For transduction of mammalian cells, most gene transfer experiments to date have employed viral vectors encoding transgenes under the control of viral promoter elements. One of the most commonly used promoters in these expression cassettes is the human cytomegalovirus (hCMV) Immediate Early (IE) gene. The enhancer/promoter of this gene can direct high levels of transgene expression in various cell types. The activity of this promoter is dependent on a series of 17, 18, 19 and 21bp incomplete repeats, some of which bind to the transcription factor NF-. kappa.BcAMP response binding protein (CREB) and the nuclear factor-1 family. However, the hCMVIE promoter has the disadvantage of having a significant species preference.

US5,866,359 describes a method for enhancing expression of CHO and NSO cells already containing a strong hCMV promoter by co-expressing the adenovirus E1A protein with a weak promoter.

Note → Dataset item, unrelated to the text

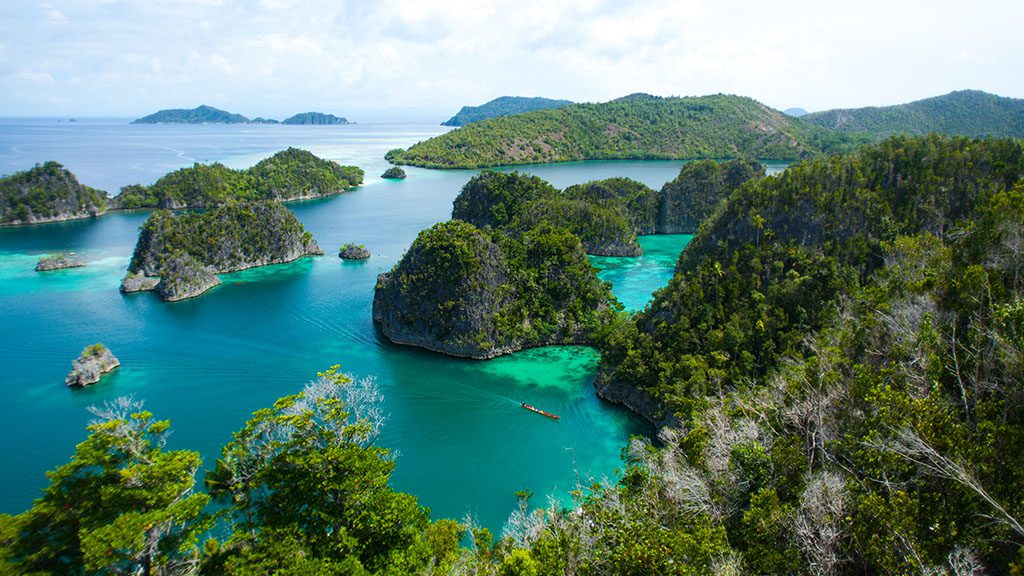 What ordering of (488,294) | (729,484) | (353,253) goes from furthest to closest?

E1A is a multifunctional transcription factor with independent transcriptional activation and repression functional domains acting on cell life cycle regulation. Fine-tuning of E1A expression is critical to achieving an ideal balance between gene transactivation and any negative effects on cell cycle progression. However, poor overexpression of E1A may reduce the ability of the cell to synthesize the recombinant protein of interest.

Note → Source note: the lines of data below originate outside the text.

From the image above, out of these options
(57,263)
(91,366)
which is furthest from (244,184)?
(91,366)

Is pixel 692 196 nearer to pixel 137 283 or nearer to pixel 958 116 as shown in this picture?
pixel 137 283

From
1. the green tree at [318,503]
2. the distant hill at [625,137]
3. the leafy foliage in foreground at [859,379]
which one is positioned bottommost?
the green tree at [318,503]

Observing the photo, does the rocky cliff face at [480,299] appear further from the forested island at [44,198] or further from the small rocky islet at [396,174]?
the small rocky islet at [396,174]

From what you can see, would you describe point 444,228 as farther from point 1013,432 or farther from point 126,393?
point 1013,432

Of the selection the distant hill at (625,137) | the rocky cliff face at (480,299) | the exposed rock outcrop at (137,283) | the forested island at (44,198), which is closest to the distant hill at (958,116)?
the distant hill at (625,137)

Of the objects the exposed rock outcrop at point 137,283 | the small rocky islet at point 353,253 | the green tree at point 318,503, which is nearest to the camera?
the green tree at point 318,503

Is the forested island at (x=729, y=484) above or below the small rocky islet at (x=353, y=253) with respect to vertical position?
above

US5,591,639 describes a vector containing the human cytomegalovirus (hCMV-MIE) major immediate early gene promoter, enhancer and the complete 5' -untranslated region, which contains intron a upstream of the heterologous gene. This DNA sequence of approximately 2100bp can cause high levels of expression of several heterologous gene products. However, Chapman et al reported in Nucleic Acids Research, 19(1991), 3979-3986 that almost no glycoprotein was observed to be expressed in both monkey kidney cells (COS7) and Chinese hamster ovary cells (DXB11) when the first 400bp of the human sequence was present in the expression plasmid. Deletion of these upstream regulatory sequences can result in higher levels of expression of several mammalian glycoproteins in these cell types. Furthermore, comparison of the SV40 early and hCMV immediate early promoter/enhancer shows that the activity of the hCMV promoter can be enhanced by insertion of intron a of the major immediate early gene of human cytomegalovirus.

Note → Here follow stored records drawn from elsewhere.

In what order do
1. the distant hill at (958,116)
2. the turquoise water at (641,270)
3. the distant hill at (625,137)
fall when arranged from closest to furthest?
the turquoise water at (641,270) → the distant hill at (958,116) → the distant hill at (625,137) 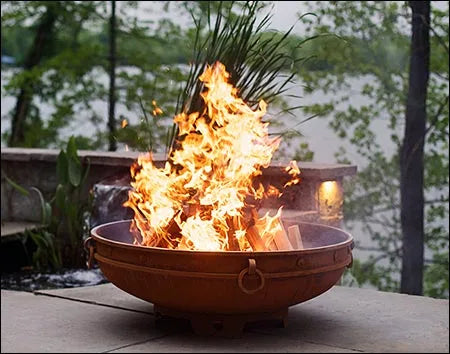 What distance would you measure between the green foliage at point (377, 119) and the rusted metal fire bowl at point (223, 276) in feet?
13.7

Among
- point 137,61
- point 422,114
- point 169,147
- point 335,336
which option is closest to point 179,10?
point 137,61

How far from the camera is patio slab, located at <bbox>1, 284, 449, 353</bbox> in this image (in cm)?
266

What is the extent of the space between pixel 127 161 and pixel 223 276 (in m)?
2.43

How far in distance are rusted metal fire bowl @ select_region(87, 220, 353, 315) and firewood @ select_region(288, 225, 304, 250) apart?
1.06 ft

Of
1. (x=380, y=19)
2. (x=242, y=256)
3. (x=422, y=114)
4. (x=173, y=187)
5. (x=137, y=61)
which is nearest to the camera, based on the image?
(x=242, y=256)

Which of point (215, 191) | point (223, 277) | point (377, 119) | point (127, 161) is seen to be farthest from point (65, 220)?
point (377, 119)

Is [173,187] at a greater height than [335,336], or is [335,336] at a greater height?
[173,187]

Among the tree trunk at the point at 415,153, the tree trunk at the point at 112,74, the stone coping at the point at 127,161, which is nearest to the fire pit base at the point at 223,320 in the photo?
the stone coping at the point at 127,161

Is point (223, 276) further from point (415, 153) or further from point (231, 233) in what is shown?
point (415, 153)

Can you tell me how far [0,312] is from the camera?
3158 mm

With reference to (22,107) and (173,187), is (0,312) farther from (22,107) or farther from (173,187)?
(22,107)

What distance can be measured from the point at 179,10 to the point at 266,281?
623 cm

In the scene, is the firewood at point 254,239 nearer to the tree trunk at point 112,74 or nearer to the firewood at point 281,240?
the firewood at point 281,240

The transcriptional activity of the major immediate early gene promoter of murine cytomegalovirus (mCMV IE promoter) is known to be much higher in CHO cells than the transcriptional activity of the hCMV promoter. The mCMV IE promoter is able to drive high levels of expression without the obvious species preference seen with the hCMV IE promoter (Addison et al Journal of general virology (78(1997), 1653) -1661)). However, attempts to enhance the activity of the mCMV promoter (similar to the hCMV promoter) by inserting the native first intron of the mouse major immediate early gene downstream of the mCMV promoter failed. In contrast to the hCMV promoter (see US5,591,639), this native first intron of mCMV was found to significantly reduce the expression of recombinant genes by the mCMV promoter (see WO2004/009823 a 1).

There remains a need in the art to enhance the activity of the mCMV promoter. Therefore, the technical problem underlying the present invention is to provide an expression system based on the mCMV promoter, which is required to enhance the expression of proteins driven by the mCMV promoter in mammalian host cells, in particular CHO cells.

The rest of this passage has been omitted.